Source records

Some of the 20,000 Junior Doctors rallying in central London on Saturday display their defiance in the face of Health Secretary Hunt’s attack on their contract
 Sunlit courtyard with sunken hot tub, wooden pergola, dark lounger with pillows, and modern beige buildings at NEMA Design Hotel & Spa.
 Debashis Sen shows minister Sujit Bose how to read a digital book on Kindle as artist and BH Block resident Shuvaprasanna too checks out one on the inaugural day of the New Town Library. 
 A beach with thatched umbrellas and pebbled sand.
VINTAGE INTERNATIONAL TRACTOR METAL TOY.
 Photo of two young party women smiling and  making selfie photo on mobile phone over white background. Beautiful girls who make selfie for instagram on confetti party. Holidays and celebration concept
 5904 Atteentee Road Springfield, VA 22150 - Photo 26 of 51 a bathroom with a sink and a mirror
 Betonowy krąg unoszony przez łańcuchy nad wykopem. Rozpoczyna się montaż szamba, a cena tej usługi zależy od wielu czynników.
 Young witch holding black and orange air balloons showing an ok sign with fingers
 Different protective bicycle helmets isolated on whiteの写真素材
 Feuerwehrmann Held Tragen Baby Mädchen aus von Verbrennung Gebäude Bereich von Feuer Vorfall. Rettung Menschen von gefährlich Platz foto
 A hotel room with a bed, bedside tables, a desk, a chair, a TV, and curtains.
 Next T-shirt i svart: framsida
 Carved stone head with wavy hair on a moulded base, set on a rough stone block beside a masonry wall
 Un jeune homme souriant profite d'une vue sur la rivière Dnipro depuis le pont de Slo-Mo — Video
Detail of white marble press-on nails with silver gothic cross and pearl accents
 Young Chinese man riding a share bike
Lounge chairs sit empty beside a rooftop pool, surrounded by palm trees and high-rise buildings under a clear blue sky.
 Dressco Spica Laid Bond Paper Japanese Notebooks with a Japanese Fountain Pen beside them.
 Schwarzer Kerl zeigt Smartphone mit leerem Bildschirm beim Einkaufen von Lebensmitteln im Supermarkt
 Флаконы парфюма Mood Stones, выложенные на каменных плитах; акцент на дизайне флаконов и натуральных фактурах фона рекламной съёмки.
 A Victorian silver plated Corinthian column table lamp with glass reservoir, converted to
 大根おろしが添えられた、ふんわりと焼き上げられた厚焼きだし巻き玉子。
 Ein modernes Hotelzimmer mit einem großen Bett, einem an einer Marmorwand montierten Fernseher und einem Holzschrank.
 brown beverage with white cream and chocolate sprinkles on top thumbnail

:: Goal of the exercise ::
The records above should all be quoted exactly, please.

:: Final answer ::
Some of the 20,000 Junior Doctors rallying in central London on Saturday display their defiance in the face of Health Secretary Hunt’s attack on their contract
 Sunlit courtyard with sunken hot tub, wooden pergola, dark lounger with pillows, and modern beige buildings at NEMA Design Hotel & Spa.
 Debashis Sen shows minister Sujit Bose how to read a digital book on Kindle as artist and BH Block resident Shuvaprasanna too checks out one on the inaugural day of the New Town Library. 
 A beach with thatched umbrellas and pebbled sand.
VINTAGE INTERNATIONAL TRACTOR METAL TOY.
 Photo of two young party women smiling and  making selfie photo on mobile phone over white background. Beautiful girls who make selfie for instagram on confetti party. Holidays and celebration concept
 5904 Atteentee Road Springfield, VA 22150 - Photo 26 of 51 a bathroom with a sink and a mirror
 Betonowy krąg unoszony przez łańcuchy nad wykopem. Rozpoczyna się montaż szamba, a cena tej usługi zależy od wielu czynników.
 Young witch holding black and orange air balloons showing an ok sign with fingers
 Different protective bicycle helmets isolated on whiteの写真素材
 Feuerwehrmann Held Tragen Baby Mädchen aus von Verbrennung Gebäude Bereich von Feuer Vorfall. Rettung Menschen von gefährlich Platz foto
 A hotel room with a bed, bedside tables, a desk, a chair, a TV, and curtains.
 Next T-shirt i svart: framsida
 Carved stone head with wavy hair on a moulded base, set on a rough stone block beside a masonry wall
 Un jeune homme souriant profite d'une vue sur la rivière Dnipro depuis le pont de Slo-Mo — Video
Detail of white marble press-on nails with silver gothic cross and pearl accents
 Young Chinese man riding a share bike
Lounge chairs sit empty beside a rooftop pool, surrounded by palm trees and high-rise buildings under a clear blue sky.
 Dressco Spica Laid Bond Paper Japanese Notebooks with a Japanese Fountain Pen beside them.
 Schwarzer Kerl zeigt Smartphone mit leerem Bildschirm beim Einkaufen von Lebensmitteln im Supermarkt
 Флаконы парфюма Mood Stones, выложенные на каменных плитах; акцент на дизайне флаконов и натуральных фактурах фона рекламной съёмки.
 A Victorian silver plated Corinthian column table lamp with glass reservoir, converted to
 大根おろしが添えられた、ふんわりと焼き上げられた厚焼きだし巻き玉子。
 Ein modernes Hotelzimmer mit einem großen Bett, einem an einer Marmorwand montierten Fernseher und einem Holzschrank.
 brown beverage with white cream and chocolate sprinkles on top thumbnail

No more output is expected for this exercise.